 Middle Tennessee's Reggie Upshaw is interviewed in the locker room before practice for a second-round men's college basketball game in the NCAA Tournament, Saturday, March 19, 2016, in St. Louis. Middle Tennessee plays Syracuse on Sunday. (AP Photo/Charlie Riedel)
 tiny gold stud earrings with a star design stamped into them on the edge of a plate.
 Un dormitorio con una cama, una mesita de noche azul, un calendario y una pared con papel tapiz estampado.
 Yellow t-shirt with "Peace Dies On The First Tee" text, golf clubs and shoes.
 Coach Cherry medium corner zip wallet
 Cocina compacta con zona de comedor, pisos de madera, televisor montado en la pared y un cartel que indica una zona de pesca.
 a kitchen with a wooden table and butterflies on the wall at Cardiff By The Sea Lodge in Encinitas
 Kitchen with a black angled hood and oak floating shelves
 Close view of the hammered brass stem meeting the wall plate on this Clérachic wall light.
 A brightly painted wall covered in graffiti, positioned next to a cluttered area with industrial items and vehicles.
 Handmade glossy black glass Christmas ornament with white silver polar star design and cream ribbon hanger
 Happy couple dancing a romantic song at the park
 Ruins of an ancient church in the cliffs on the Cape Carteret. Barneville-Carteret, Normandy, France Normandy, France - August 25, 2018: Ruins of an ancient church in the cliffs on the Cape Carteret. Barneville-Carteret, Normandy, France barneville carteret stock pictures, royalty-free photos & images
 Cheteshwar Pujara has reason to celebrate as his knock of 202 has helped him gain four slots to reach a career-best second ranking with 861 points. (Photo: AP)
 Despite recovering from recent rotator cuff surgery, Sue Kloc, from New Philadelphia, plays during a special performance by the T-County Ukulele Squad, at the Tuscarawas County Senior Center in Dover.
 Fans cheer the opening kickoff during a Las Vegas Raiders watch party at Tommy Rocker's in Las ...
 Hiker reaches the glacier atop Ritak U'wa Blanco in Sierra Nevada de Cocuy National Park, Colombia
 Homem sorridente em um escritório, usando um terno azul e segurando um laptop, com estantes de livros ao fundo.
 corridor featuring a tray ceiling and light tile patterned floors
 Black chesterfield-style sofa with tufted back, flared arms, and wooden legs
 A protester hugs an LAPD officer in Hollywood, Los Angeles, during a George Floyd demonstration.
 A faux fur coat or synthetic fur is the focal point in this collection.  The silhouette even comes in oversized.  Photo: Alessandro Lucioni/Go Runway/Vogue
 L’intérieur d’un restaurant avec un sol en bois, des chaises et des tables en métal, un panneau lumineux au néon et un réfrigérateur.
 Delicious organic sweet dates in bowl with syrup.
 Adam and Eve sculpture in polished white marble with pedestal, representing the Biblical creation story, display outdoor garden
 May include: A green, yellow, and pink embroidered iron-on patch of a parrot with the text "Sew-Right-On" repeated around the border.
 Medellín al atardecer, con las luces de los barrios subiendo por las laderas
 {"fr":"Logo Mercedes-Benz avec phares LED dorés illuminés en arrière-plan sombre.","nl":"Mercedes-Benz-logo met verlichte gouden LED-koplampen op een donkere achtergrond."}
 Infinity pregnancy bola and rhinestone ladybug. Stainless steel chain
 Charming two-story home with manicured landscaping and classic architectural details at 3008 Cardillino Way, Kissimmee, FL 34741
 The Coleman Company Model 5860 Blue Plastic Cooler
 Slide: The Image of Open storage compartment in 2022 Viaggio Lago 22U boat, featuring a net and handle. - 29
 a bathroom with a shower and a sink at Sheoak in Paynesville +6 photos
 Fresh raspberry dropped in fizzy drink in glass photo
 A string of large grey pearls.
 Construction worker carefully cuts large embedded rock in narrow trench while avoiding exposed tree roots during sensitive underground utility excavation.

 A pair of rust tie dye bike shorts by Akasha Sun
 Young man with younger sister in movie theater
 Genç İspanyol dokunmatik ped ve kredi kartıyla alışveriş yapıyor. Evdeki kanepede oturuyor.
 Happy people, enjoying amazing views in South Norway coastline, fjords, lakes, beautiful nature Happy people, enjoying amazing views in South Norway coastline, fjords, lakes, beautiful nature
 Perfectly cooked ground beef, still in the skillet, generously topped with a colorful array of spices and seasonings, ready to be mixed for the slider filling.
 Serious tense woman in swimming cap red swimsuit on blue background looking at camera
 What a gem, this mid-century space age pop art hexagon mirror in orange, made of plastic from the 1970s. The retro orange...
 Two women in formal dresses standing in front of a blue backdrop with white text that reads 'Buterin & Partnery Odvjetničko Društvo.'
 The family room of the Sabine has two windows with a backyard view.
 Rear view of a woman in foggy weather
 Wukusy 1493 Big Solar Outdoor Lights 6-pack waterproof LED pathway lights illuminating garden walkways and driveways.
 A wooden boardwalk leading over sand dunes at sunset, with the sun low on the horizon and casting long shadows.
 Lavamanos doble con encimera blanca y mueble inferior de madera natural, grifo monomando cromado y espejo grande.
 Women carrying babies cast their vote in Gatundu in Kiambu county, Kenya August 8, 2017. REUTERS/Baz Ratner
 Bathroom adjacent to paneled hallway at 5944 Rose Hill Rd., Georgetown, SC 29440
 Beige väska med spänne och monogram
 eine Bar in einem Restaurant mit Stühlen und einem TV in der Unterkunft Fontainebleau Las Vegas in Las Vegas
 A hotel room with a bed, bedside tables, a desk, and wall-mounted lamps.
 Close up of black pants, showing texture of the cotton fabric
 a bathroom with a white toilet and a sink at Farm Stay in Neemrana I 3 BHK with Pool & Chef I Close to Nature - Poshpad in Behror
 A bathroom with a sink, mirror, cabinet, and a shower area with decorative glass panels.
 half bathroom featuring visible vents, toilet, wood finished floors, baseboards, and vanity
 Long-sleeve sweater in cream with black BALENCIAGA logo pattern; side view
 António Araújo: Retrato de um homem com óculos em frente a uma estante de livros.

DIRECTIONS FOR THIS TASK: Transcribe the records above exactly, beginning at the line that contains "Lavamanos doble con" and ending with the line that contains "Bathroom adjacent to", both included, and nothing else.

TASK RESPONSE:
 Lavamanos doble con encimera blanca y mueble inferior de madera natural, grifo monomando cromado y espejo grande.
 Women carrying babies cast their vote in Gatundu in Kiambu county, Kenya August 8, 2017. REUTERS/Baz Ratner
 Bathroom adjacent to paneled hallway at 5944 Rose Hill Rd., Georgetown, SC 29440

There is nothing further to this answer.